Reage à idéia de que a América Latina estaria se voltando para a esquerda: "Não é esquerda, é populismo: o líder falando diretamente com as massas, sem o intermédio das instituições". Esse é um ponto crucial. Se Chávez é percebido como progressista, imediatamente FHC se torna um conservador, rótulo do qual tenta se livrar a todo custo. Repetirá inúmeras vezes que o populismo é autoritário e regressivo. "Esquerda clássica é o Allende, esse sim queria romper com o sistema capitalista. Chávez opera no nível ideológico. Na prática, ele vende para os americanos e a burguesia venezuelana está ganhando dinheiro", argumenta.

Antes de almoçar, volta ao quarto para repassar a programação.
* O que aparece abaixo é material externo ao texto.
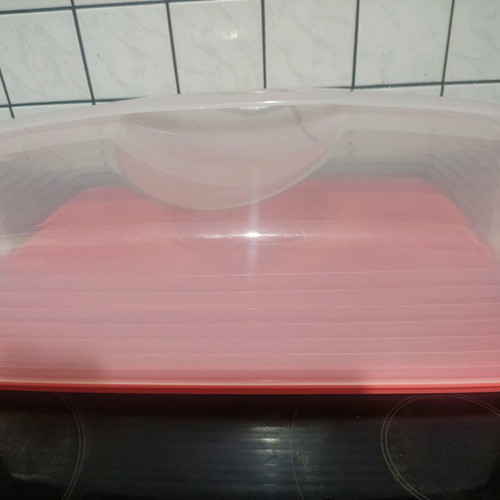 Tupperware large cake server new with orange tray and transparent lid
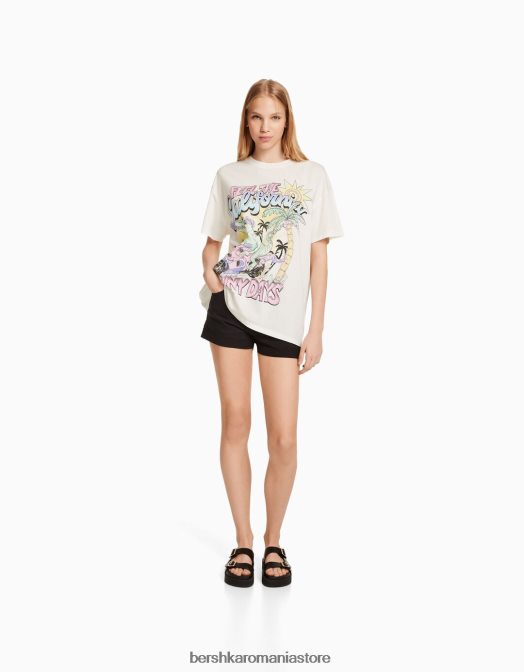 Bershka unisex tricou cu maneca scurta cu imprimeu alb Z86D3786 îmbrăcăminte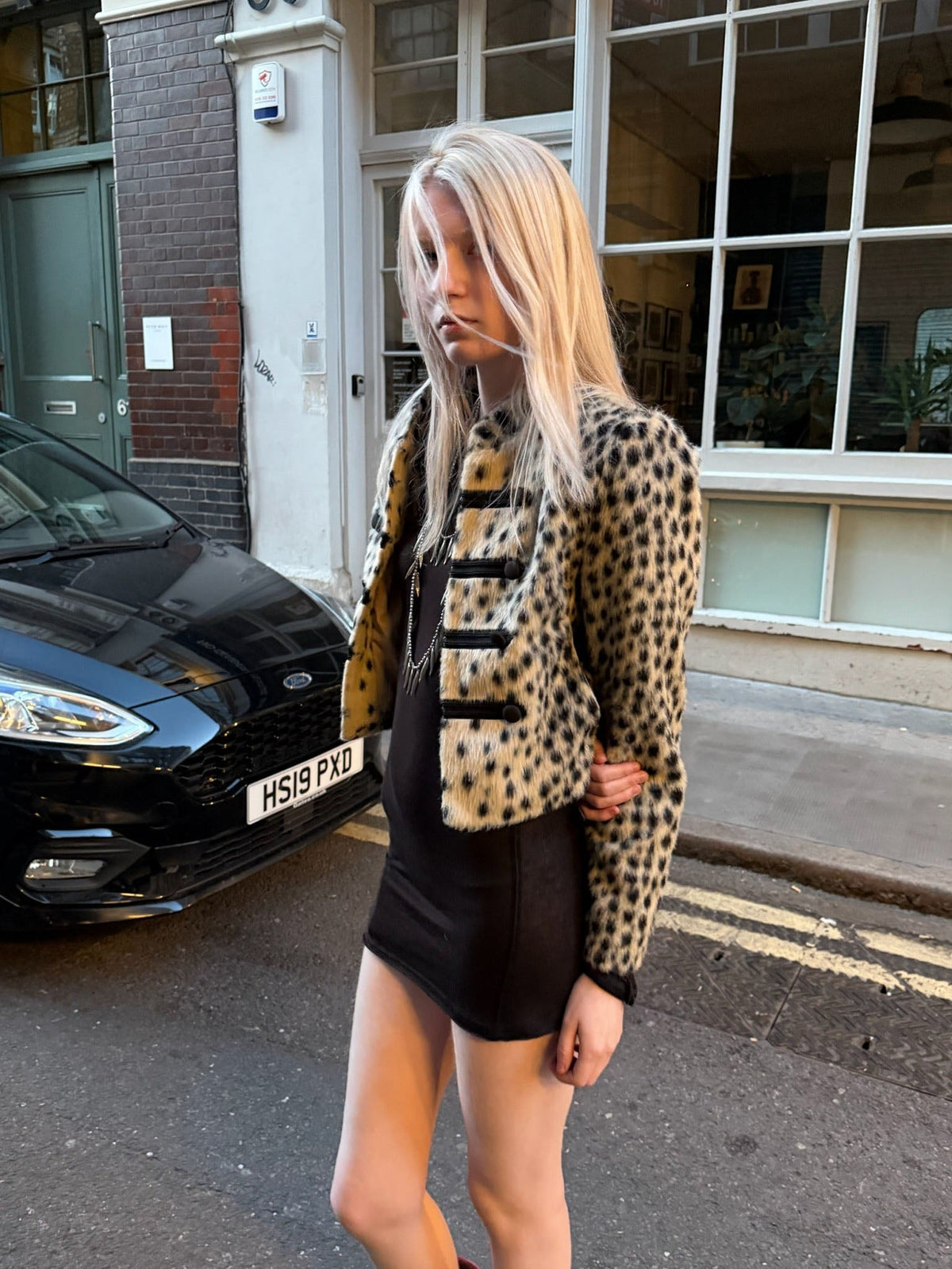 Oversized Cropped Faux Fur Jacket with Leopard Print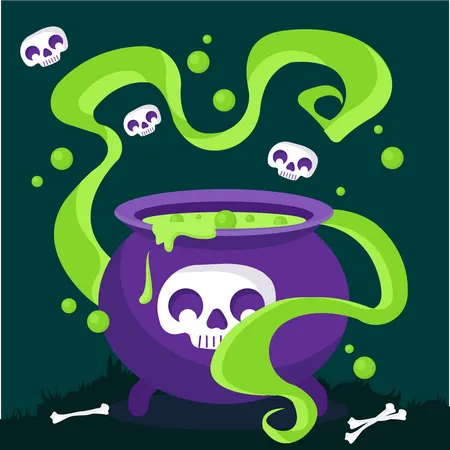 Boiled Halloween Pot  Illustration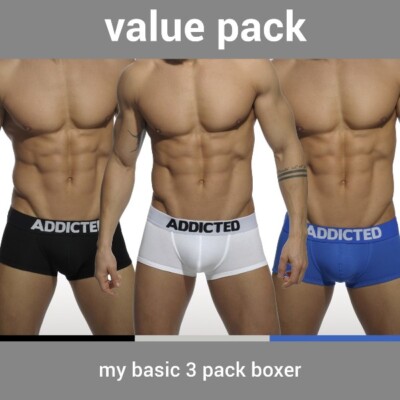 【ADDICTED】MY BASIC 3 PACK  SPORTS BOXER AD SEXY UNDERWEAR AD421P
Entre aulas, almoços, palestras, conversas com alunos e jantares, a agenda prevê um compromisso a cada duas horas. Receberá honorários? "Acho que sim. Essas coisas eles não conversam comigo, mas vou perguntar lá no Brasil, porque do jeito que estão me fazendo trabalhar, tomara que o dinheiro seja bom." Torce para que chegue a 10 mil dólares, no mínimo.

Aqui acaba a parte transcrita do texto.